Have you ever heard the word <fokaṭ>?


----------



## bakshink

Punjabi word for superfluous is vaadhuu, Nirathak is a Hindi word which means one that has no meaning.


----------



## tamah

Can we also use अर्थशून्य (arthashunya) or वृथा (vrutha) or बेकार (bekar) ? 
I am not sure if I can use those words for superfluous but after reading the replies I wonder if I can use these words too.


----------



## Faylasoof

فالتو फ़ालतू is indeed used this way in Urdu but we also use the same for _spare / extra_, i,e, something that is not needed for the moment but is not useless either. ​

فالتو _faaltoo_ = spare (as in spare parts) , extra = زائد۔ _zaaíd_​ 
The other word is: فُضول _fudhool _= superfluous 
( غیر ضروری/ غیر لازم )​


----------



## Not.A.Linguist

अतिशय sounds like the best fit.


----------



## bakshink

As Faylasoof has suggested Faaltuu and Fizuul can be used and Bekaar is very often used in most cases but Atishya I am not sure of it's use. 
Atirikat means extra but it's an honorable word so atirikat samay, atirikat adhikaarii can be used but it may be somewhat odd when used derogatorily. Arthshunya? I haven't heard of but to me it seems it should mean same as nirarthak.


----------



## Not.A.Linguist

Faaltuu, Fizuul, Bekaar carry a bit of negative feel with them. That is not necessary with Superfluous.

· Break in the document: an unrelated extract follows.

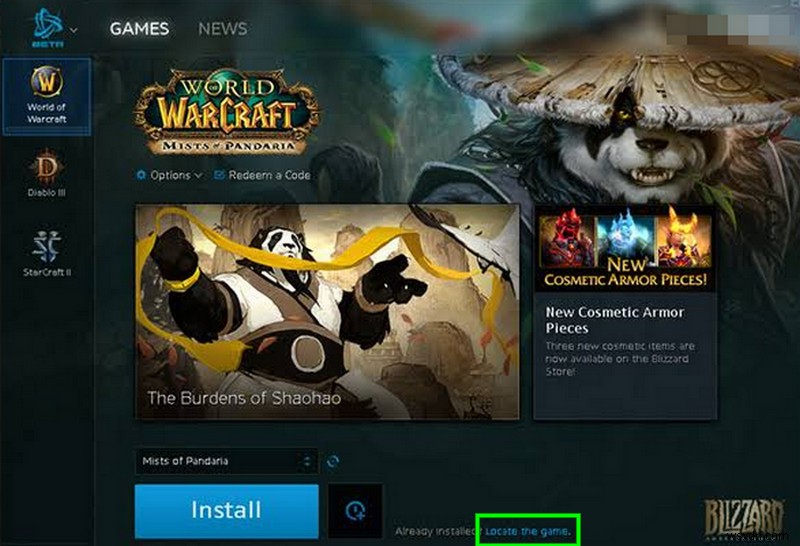 【解決策】Battle.netでデータのダウンロードやゲームファイルのインストールができないときの対処法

अतिशय like Superfluous, doesn't carry a negative bit with it.


----------



## Faylasoof

In Urdu, _faaltoo_ carries meanings of two kinds:
 فالتو _faaltoo_ = فاضِل _faaDhil_ =  زائد_zaa’id_  = spare
 فالتو_faaltoo_ = فُضول _fuDhool_ =  بے کار _be kaar_  = superfluous / useless

Some examples below. Other ways to express different nuances of these meanings too 

 For items / objects  (& non-rational beings):

 یہ کتاب فالتو ہے 
_yeh kitaab faaltoo hai_ - ambiguous meaning
 1) This book is spare 
 2) This book is useless

 یہ کتاب بالکل فالتو ہے
_yeh kitaab bilkul faaltoo hai_
 This book is totally useless

   یہ کتاب فُضول ہے
_yeh kitaab fuDhool hai_
 This book is useless / superfluous 

  یہ کتاب فاضِل ہے
_yeh kitaab faaDhil hai_
 This is a spare book / This book is extra 


 For people:
  یہ شَخص فالتو ہے
_yeh shaxs faaltoo hai_ - ambiguous meaning
This person is “spare” / an extra / unemployed 
 This person is useless

 یہ شَخص بالکل فالتو ہے
_yeh shaxs bilkul faaltoo hai_
 This person is totally useless

  یہ شَخص فُضول ہے 
_yeh shaxs fuDhool hai  - this would be taken as an insult!_
 This person is useless / superfluous 

 یہ شَخص فاضِل ہے

 yeh shaxs faaDhil hai - _this would be taken as a _ _compliment !_
 _This person is gifted / able _
 

This meaning is made even clearer thus:
 یہ شَخص عالِم  و فاضِل ہے
_yeh shaxs 3aalim o faaDhil hai_
 This person is learned / erudite and able / gifted


----------



## panjabigator

Great post Faylasoof.  Here is a famous line from Baba Bulleh Shah:

Bulleya parh parh aalim fazil baNe o, oh kadi apne aap nu parhiya nahii


----------



## omlick

Not.A.Linguist said:


> Faaltuu, Fizuul, Bekaar carry a bit of negative feel with them. That is not necessary with Superfluous.
> 
> अतिशय like Superfluous, doesn't carry a negative bit with it.


 
I disagree with you "superfluous" is a word with a negative connotation of being useless or unnecessary.  "spare" is a word that means extra but may be necessary in the future.


----------



## Faylasoof

Thanks PG! Could you translate this for me. I've always wanted to read Bulleh Shah. But first I'll have to learn Punjabi! 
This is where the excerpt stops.